Second, in regards to the scope of practice
for both doctors and their staff, what exactly is considered ‘irregular’ is determined by each State’s laws and regulations. This is largely determined by how much HIPAA exposure (which includes the privacy rights protected under HIPAA) each state allows for their healthcare professionals. While some States have minimal laws governing their profession there are others where unethical behaviors are severely punished. Additionally, when considering what is considered ‘irregular’, each State’s laws are subject to change. In short, patients want orthodontic care but are not necessarily obligated to agree to go that route with their specialist.
Next, in regards to the scope of practice
for a general practitioner and an orthodontist, the relationship is highly structured. While most times the primary duty of these healthcare professionals is to see patients and make treatment decisions based on what works best, they are also trained to share information between patients and their respective doctors. Therefore, most times shared decision-making occurs through discussions between a patient and their doctors.
Finally, in regards to the telehealth and telemedicine relationship
there is currently very little regulation regarding this industry. However, it is a growing industry with new products, equipment, and services being developed every day. As such, doctors and patients should be aware of potential risks and benefits when using either a telehealth or telemedicine provider. For example, many insurance companies are requiring that doctors who offer telemedicine services must meet certain criteria or face a penalty.

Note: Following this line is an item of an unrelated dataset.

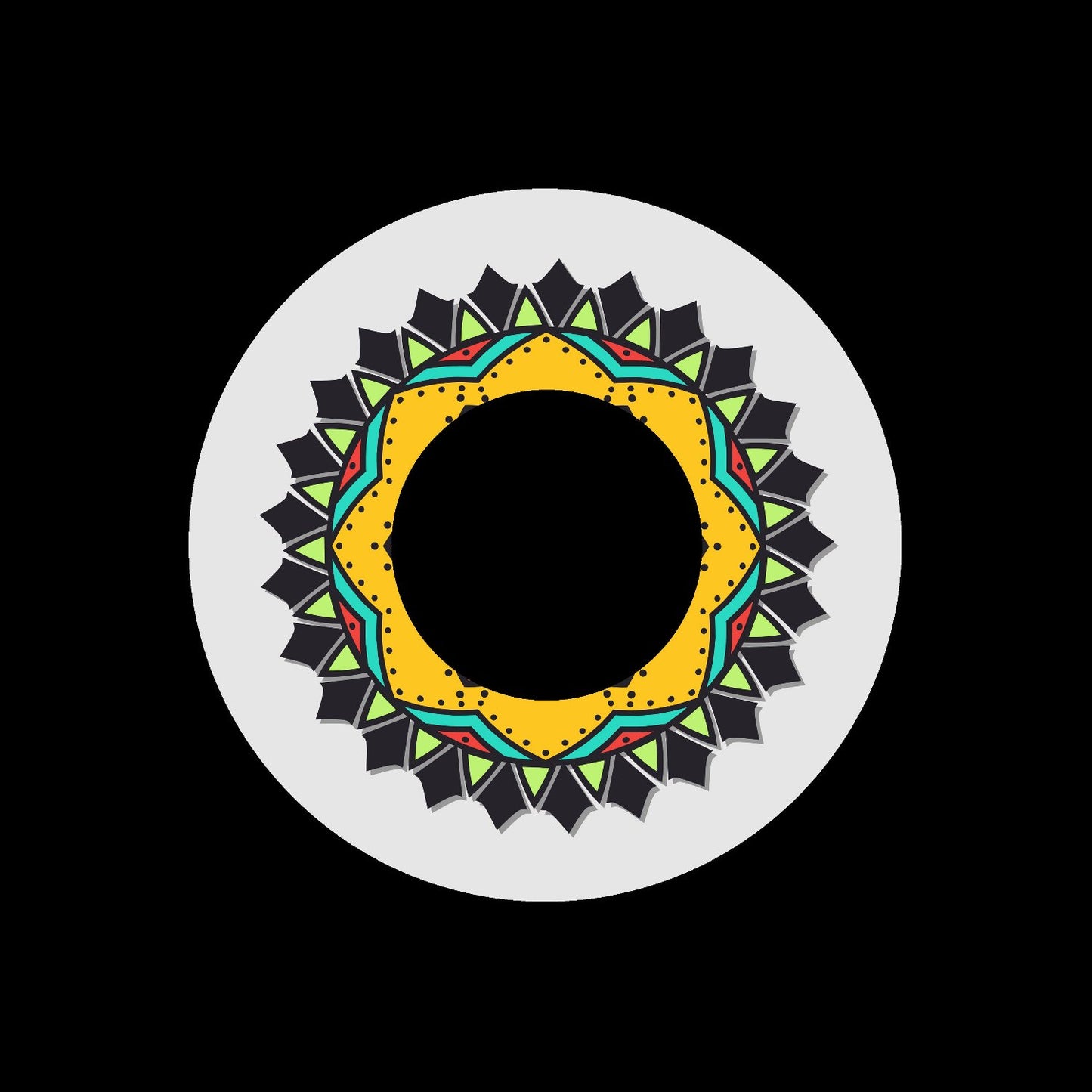 Bright Mandala Self-Adhesive Custom Promo Paper Record Middles Centre Center Labels for Jukebox Large Hole 7" Records & DVS Control Vinyl - centerlabels_uk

In conclusion, orthodontics and the healthcare industry
in general, has come under increasing scrutiny due to new studies and consumer concerns about their treatments. Orthodontic doctors have expanded their offerings and expanded the scope of what can be done to improve the health outcomes of patients with their teeth. However, more must be done to ensure that patients receive the highest quality care while staying informed about their treatment options. Orthodontic professionals must continue to evaluate their relationship with patients and with each other to foster increased communication and focus on all of the patient’s needs.